Working in Fortia
/My Work in Fortia:
Here are some of the various tasks I have done since being in Spain!
Cleaning-
So there is this room, I don’t know what to call it or exactly what it is going to be, but it was described to me as a mix between a library, dinning room, and conference space. Basically the best room of the house. The majority of everything I’ve done has been in this room, it is my best dream and worst nightmare. I love it and I hate it. When I first arrived it was mainly a storage room that had two make shift tables from plywood and sawhorses that took up most of the room. The little bit of the room left was a pile of bags and tools on the ground plus a power washer. The ceiling of this room is magnificent, there is a column in each corner that runs with a white mortar trim in an arch connecting it to each of the other three corners. The spaces in-between the arch are filled with red, brown, and orange bricks (I’m sure they were originally all close to the same color) that are at a minimum 100 years old. Directly above the center point of the room is the intersection of the arches. It conveys both a strong aesthetic and structural purpose. I spent my first week cleaning these with a grinder and a brush attachment. However, if the brick became to dry it would create a lot of particles in the air, so in between brushing I would use the power washer to dampen and clean them. That seems simple enough, but wait there’s more.. Using the power washer created a lot of water on the floor that I would have to scoop out with a bucket and shovel after 2-3 cycles.
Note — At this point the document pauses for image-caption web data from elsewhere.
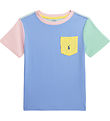 Polo Ralph Lauren T-shirt - Harbor Island Blue/Multifarvet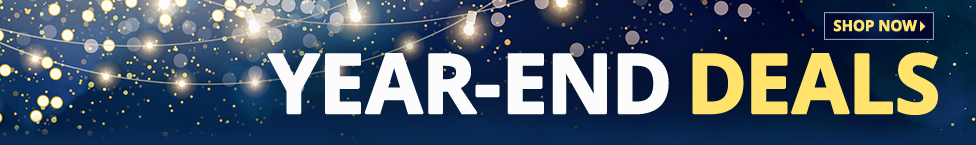 Year-End DEALS - Shop Now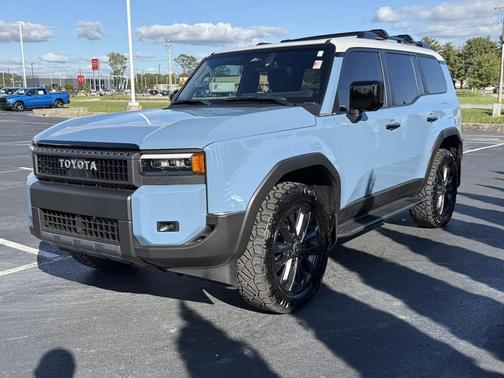 2025 Toyota Land Cruiser Base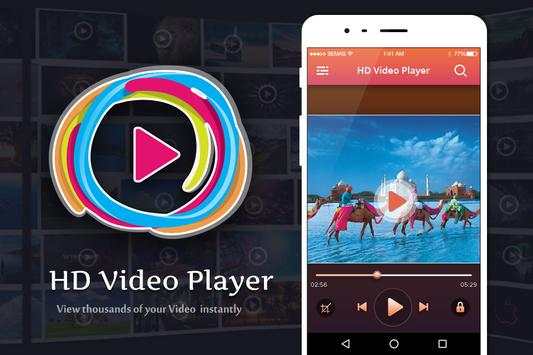 HD Video Player screenshot 1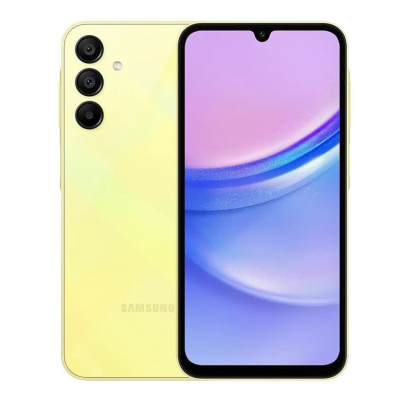 Samsung Galaxy A15 6/128Gb Yellow, желтый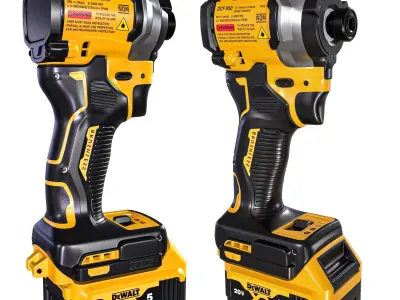DEWALT DCF809C2 ATOMIC 20V MAX 3D model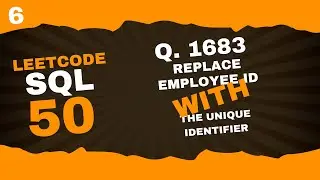 leetcode | sql 50 | question 1378 | 1378. replace-employee-id-with-the-unique-identifier
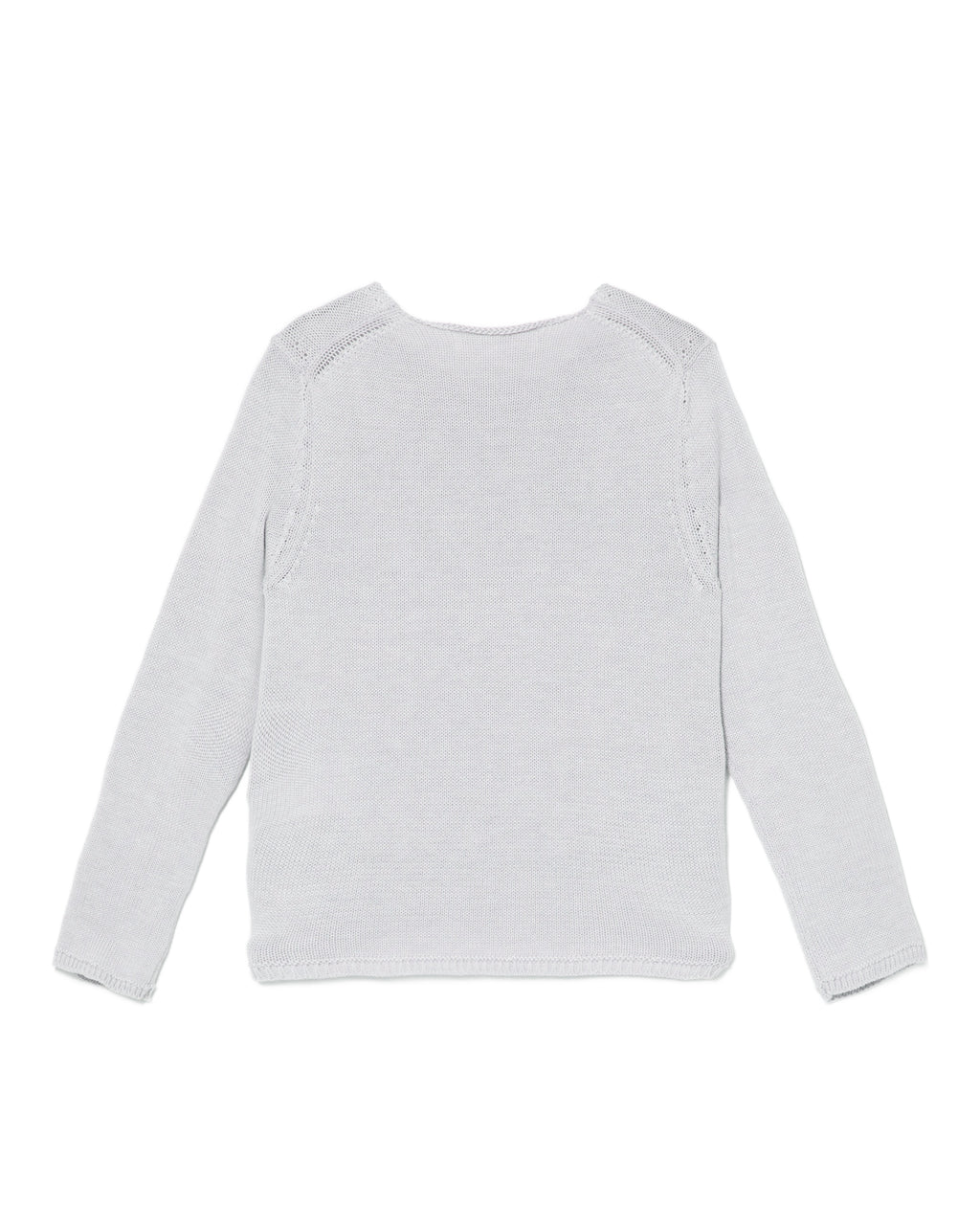 Multicolour motifs sweater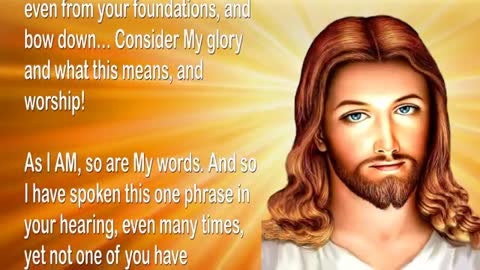 I am come !... No One has grasped the Scope of these Words 🎺 Trumpet Call of God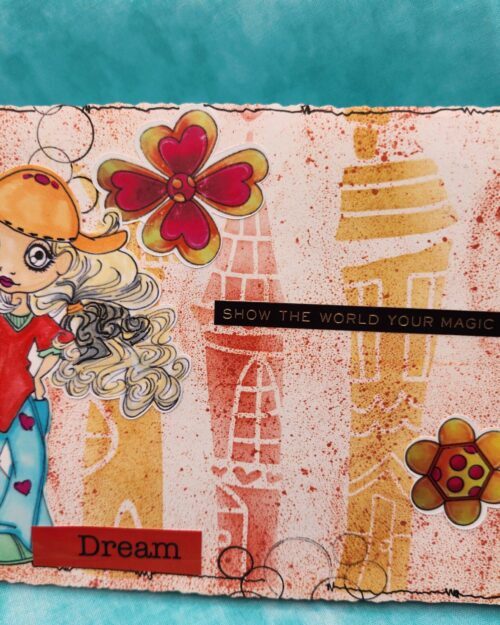 Show the World Your Magic Congratulations Card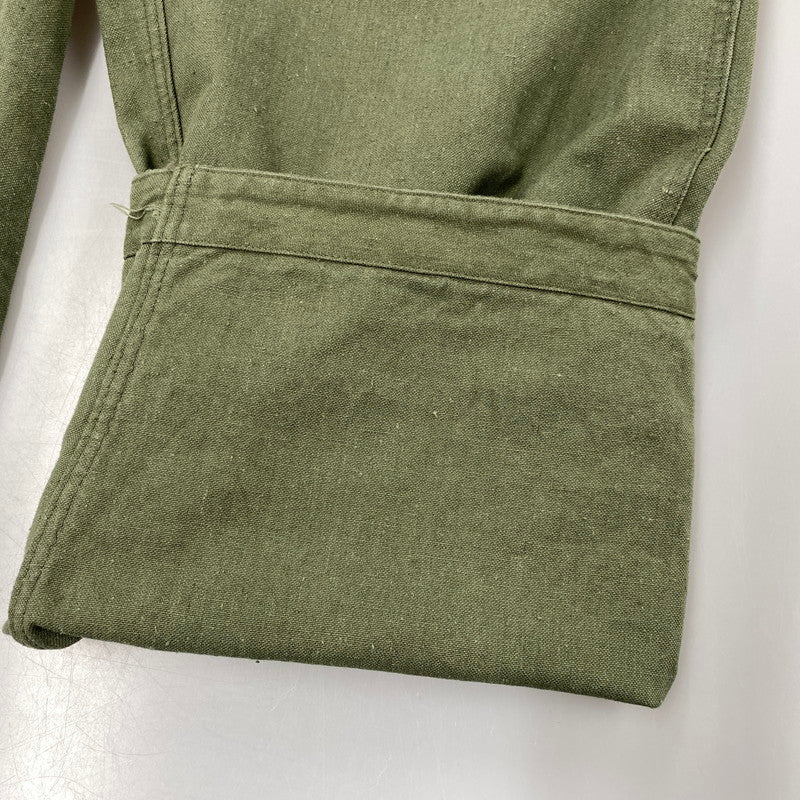 【中古品】【メンズ】 GERMAN ARMY ジャーマン アーミー 東ドイツ軍 MILITARY PANTS ミリタリー パンツ ボトムス ズボン 157-251117-cs-13-izu サイズ:L/E カラー:カーキ 万代Net店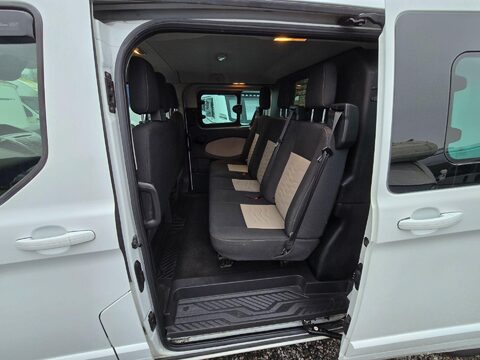 Ford Transit Custom 290 LIMITED LR DCB 38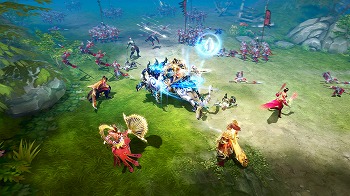 画像ギャラリー No.009のサムネイル画像 / 「戦乱アルカディア」,神化武将の“呂布”が登場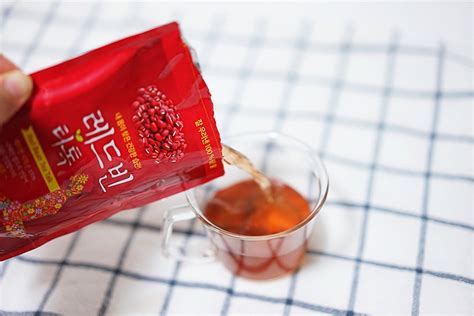 Red Bean Tea Talk Package 인터팩 디자인연구소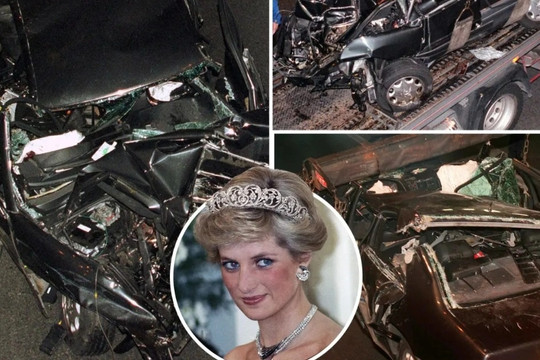 25 năm sau tai nạn thảm khốc của công nương Diana: Chủ xe đòi lại xe
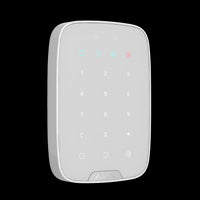 AJAX Security - Keypad Plus Jeweller, Wireless White Indoor Keypad | AJAX-KP-PLUS-W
Somewhere along the line my host and the guy who instructs us on what to do came into my room and decided it would be cool if they made some recessed shelves. After breaking through the wall to see the kind of space available, he realized he wanted to break a lot of other stuff in the room.
Breaking-
Say no more Fam, I destroyed 4 pillars, 2 sections in each wall, a shelf that was already recessed that they wanted to go further, and numerous holes to run conduit. The destruction happened like a whirlwind. I stood in this room looking at the chalk outlines designating where my hammer would land its blows. I started with the columns. With my first swings I could not tell if they were solid or hollow, but once I broke through in a small area it started a chain reaction of systematic crumbling. Behind each of the columns were the true column that was supporting the ceiling. They were aged stones and mortar that was nearly dust. Then I took to the walls, they needed to be a bit more precise so I used a chisel to make my outline before I laid waste to the area inside the chalk. By the time I was finished we were all walking nearly 6 inches off the ground because of all the rubble. The breaking that took all of a few hours max, took an entire day to clean. Then came the precision cuts. Obviously I couldn’t leave the walls in such disarray, but cutting brick is tricky business so we had to order a special mask that would allow me to breathe without getting brick dust in my lungs. After the mask arrived I went back to work, but there was another challenge. My room was connected to the hallway that was connected to the kitchen and it was the room that all other rooms in the downstairs ran through before reaching a door, so when it came time to cut the other rooms would get dusted out in order for me to have proper ventilation. Even with the breeze blowing through the room I felt like I was walking in the eye of Jupiter, my vision was obstructed with an orange haze. It took 2 days to make all the cuts with this massive saw that was as big around as me. After the dust settled and we spent hours cleaning it off all the surfaces and floor it became time to build.
Building-
The columns I had torn down needed to be rebuilt but with large stones, the recessed shelving needed to be rebuilt and reinforced with concrete, and the walls needed to be covered in drywall. The stone columns, my greatest accomplishment and biggest frustration. I remember the haste with which I built the first two, focused only on trying to remain level and having a flat face. This seems easy enough, but a flat face with round stones is not quite what it seems. Also, in the beginning our stone selection was few and far between. However, we made it work… Until, we must have been halfway through the third column when the host came in and decided she did not like how it looked because she thought an extremely large stone should be at the base of each. So we tore them down…. one by one… stone by stone.. There was a solid week that I dreamt of the perfect stones for each column every night. I would walk the streets observing other stone walls, taking note of the color of the mortar, the thickness of it between the stones, whether there were any patterns or not, what the faces of the stones looked like. So, from scratch I began again, determined. This time my column would have structural stability, heaps of mortar, a dazzling face, and a perfect fit that made any observer think that it had been 3d printed. One day after work we went to a field about 1.5 miles away and it was littered with stones of all sizes, some that are probably more properly called boulders and others that would be idealistic for the most minute of decorations. I wasn’t sure if it was one of my dreams because I walked around hand picking the exact stones that would go in the exact locations of each column. Which stones would be perfect corner pieces and which would be used on the narrow strip of the 3rd column. After days of working on it here and there, finding the perfect mixture of mortar, and losing a few finger tips I was finally finished.
Odds and ends-
Since then I have also measured, cut, fit, and stuck a decent amount of dry wall. We went to an abandoned mansion and “liberated” around 200 brick tiles one by one using the most careful of swings so that they would not crack. I have cleaned hundreds of stones. Cut steel, laid concrete, and cleaned an unrealistic amount because everything is always dirty.